The nine hours micro benchmark

time to read 4 min | 739 words

We’ve been running all sort of benchmarks on RavenDB, ranging from micro optimizations to a single heavily used routine that focused on re-ordering the instructions so the CPU can execute them in parallel to large scale load testing and data processing.

This tale is about the later. We have defined 6 indexes over a data set of over 18 million documents with a total size of 57GB. We then run it on a system that had 16GB of RAM (and typically had a lot less actually available).

When we started, we very quickly run out of memory, in fact, our allocations exceeded the database size (so we allocated over 60 GB) before we decided to focus on fixing that. The problem was the scope of the batch, it was too long, and we didn’t reuse the memory inside the same batch. Once that was fixed, we were able to run the performance test successfully.

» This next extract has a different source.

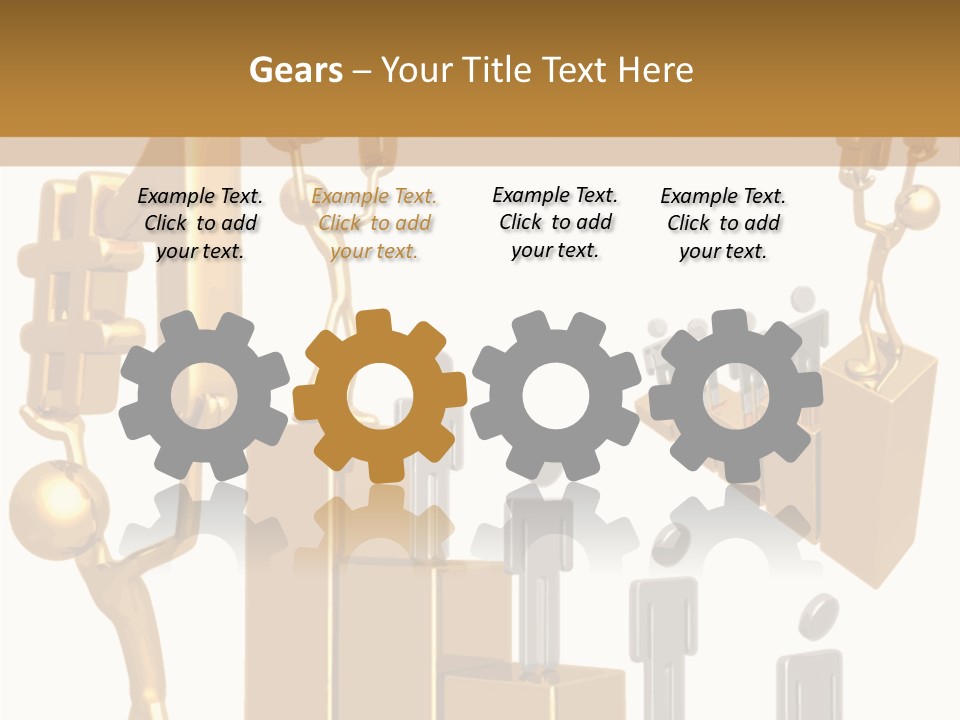 Rank Symbolic Concept PowerPoint Template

Total time to run it? Over 9 hours. Granted, this is talking about 6 indexes each needing to go over the entire dataset, so we expect it to take a while, and it is much faster than in previous versions, but that is still far too much.

I should probably explain that the whole point of doing something like that is to see the interference effects. What happen when you have a bunch of competing indexes over the same resources (CPU, memory, disk)?

Turn out, there is a lot going there, and you can’t really get good profiling results from this kind of run  (to start with, the profiling overhead would push this into a multi day effort), and while we captured some profiling run of shorter stats, we weren’t really able to pinpoint the blame.

So we added the tooling we needed to figure it out, and then put that in the studio. The end result was… not so good.

image_thumb

Yes, that is the studio trying to display the debug information for that benchmark. It… did not go so well for us. In other words, before we could fix the benchmark, we had to optimize the code that would tell us where we are spending all that time in the benchmark Smile.

As it turned out, the problem was that our code was optimizing for problems we no loner had. Basically, in RavenDB 3.x we have to take into account our memory usage, and pretty much all of it is managed memory. That lead to some interesting problems, to whit, we don’t know how much memory we use. The fact that a document is size so and so when serialized to disk means exactly squat with regards to how much it is actually going to take in memory. And because too much allocations lead to higher GC costs down the road, we put term limits on the size of the indexing batches we’ll process.

Effectively, we will take a certain amount of documents to process in a batch, and then complete the batch. All the memory we used in the batch will go away, and hopefully we didn’t push too much of it into higher generations. But the real costs that we have in RavenDB 4.x are very different. To start with, we use a lot less managed operations, and we use Voron for pretty much everything. That means that our costs has now shifted, instead of worrying about releasing the memory as quickly as possible, we need to worry about reducing the number of times we go to disk.

As it turns out, artificially reducing the batch size results in us processing more batches, which require us to hit the disk a lot more. The same logic applies to RavenDB 3.x (and we have users who have configured RavenDB to have very long batches for exactly that reason), but that come at GC cost that simply does not exist in RavenDB 4.0.

The immediate solution was to remove all the batch limits and see what would happen. Overall performance had doubled. We were able to process the same amount of information in about half the time. And that is before we did deep dive with a profiler to seek inefficiencies.